In many biological systems, we can view samples as non-negative linear combinations of unknown components. Extracting these components provides insights into the underlying processes of the system. One recent example is cell-free ChIP-seq (cfChIP-seq) data, which combines chromatin modification programs originating from various populations of cells, that differ in type and state.
The decomposition task is typically approached using the Non-negative Matrix Factorization (NMF) model, resulting in estimations of mixture weights and constant components. However, in many cases, and specifically in cfChIP-seq data, there is possible variation between samples that is not explained entirely by the sample-specific mixture weights, but by a variation between samples in the components` signal itself.
Here, we account for this variation by introducing a probabilistic model named varNMF, wherein components are modeled as random variables instead of constant vectors.

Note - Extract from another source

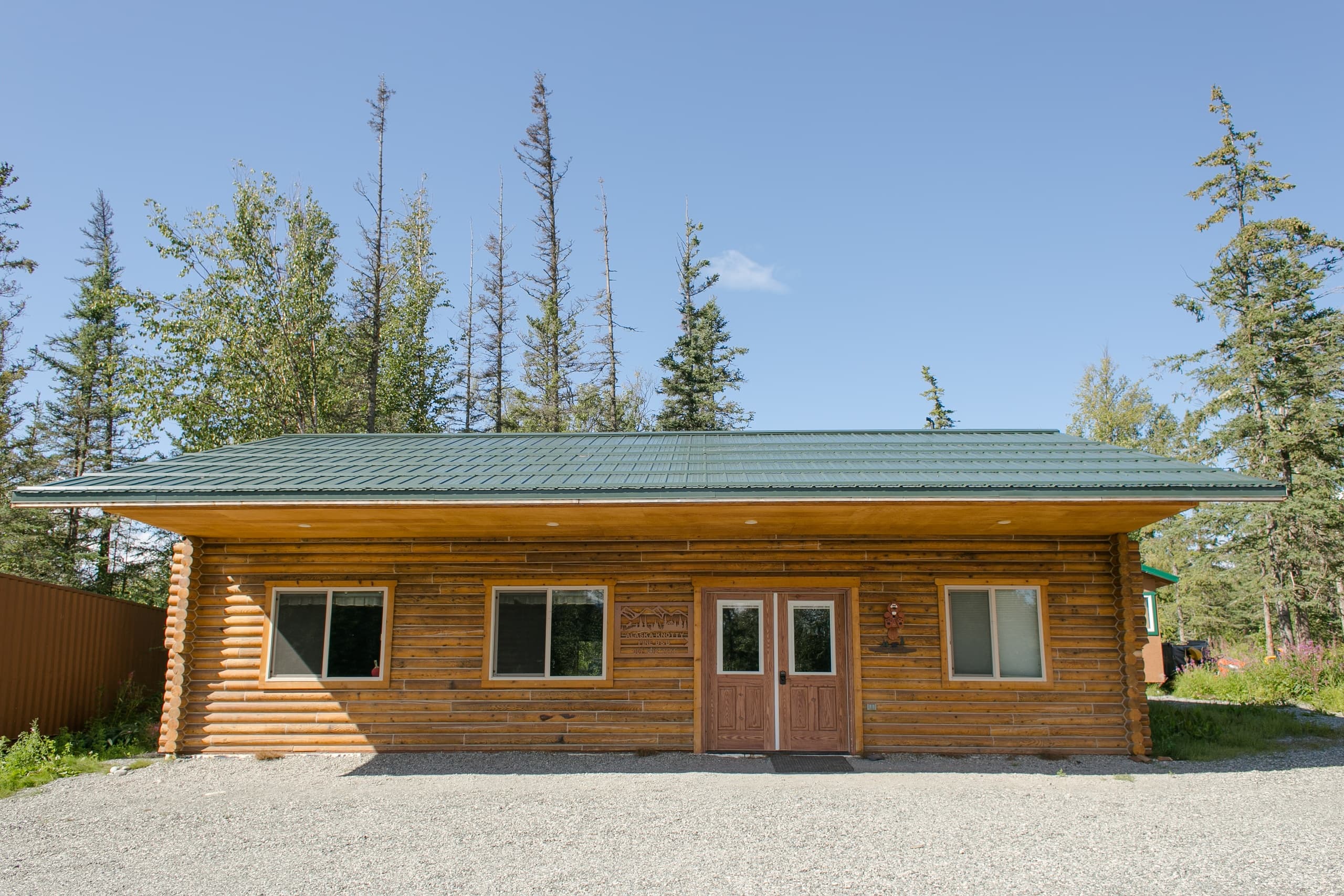 Birch Bungalow Stay at Alaska Knotty Pine B&B in Palmer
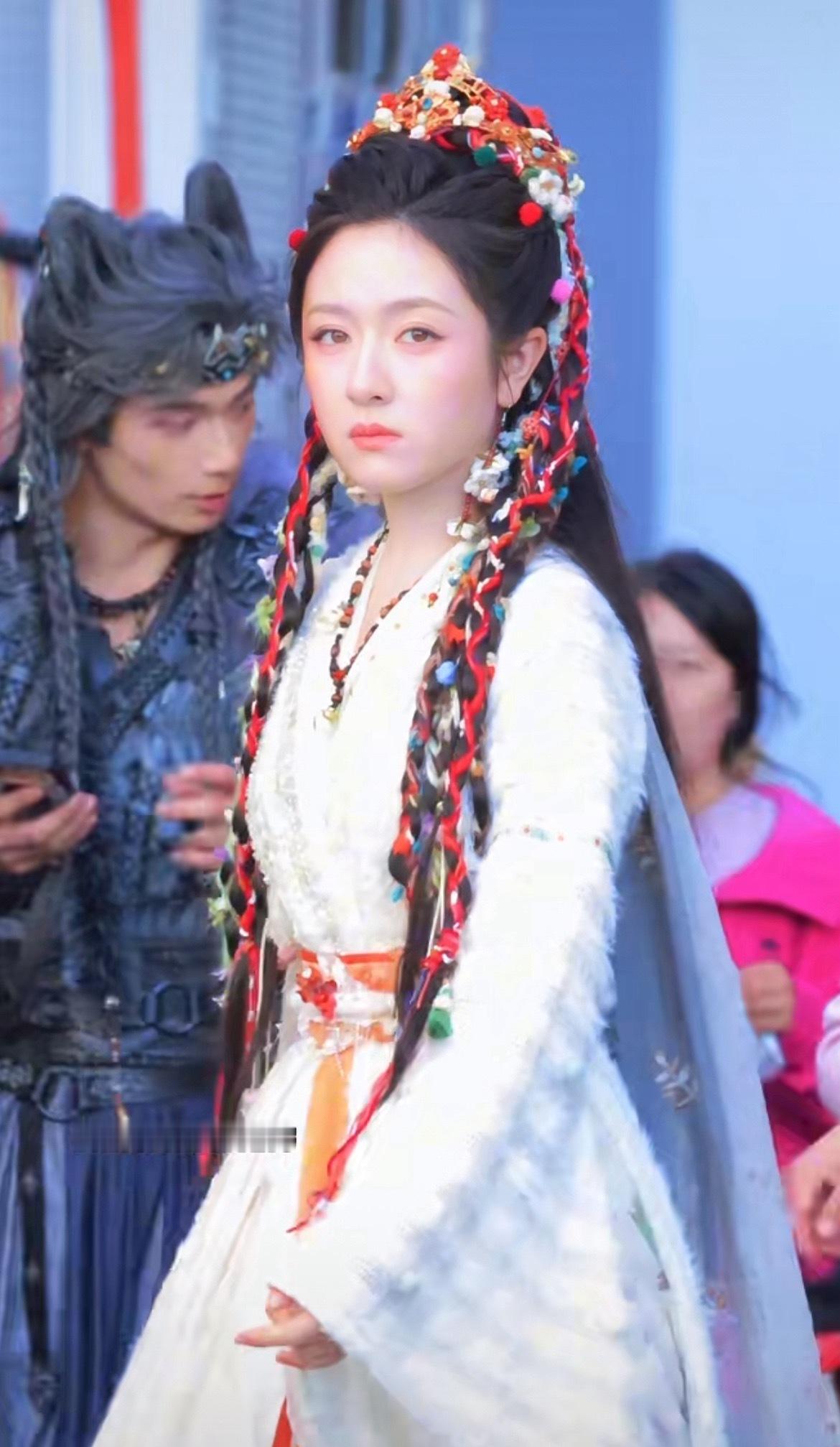 李兰迪千夜奇谭 异域风神女！一只毛茸茸的小雪团[爱慕]李兰迪千云兮李兰迪[超话]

With simulations, we show that in the presence of component variation, varNMF outperforms the generalization abilities of NMF. We demonstrate its real-world potential by applying it to cfChIP-seq samples from healthy donors and metastatic colorectal carcinoma (CRC) patients. VarNMF shows a significant advantage in generalization over NMF, suggesting the existence of per-sample variation in cell-type signals. VarNMF infers components associated with cell-types expected in this dataset, without any prior knowledge. It also estimates each component’s contribution to each sample. Furthermore, with varNMF we can observe component variability between samples directly, and indicate, for example, differential disease behavior.
Taken together, these results illustrate the potential of varNMF as a tool for component decomposition in biological contexts.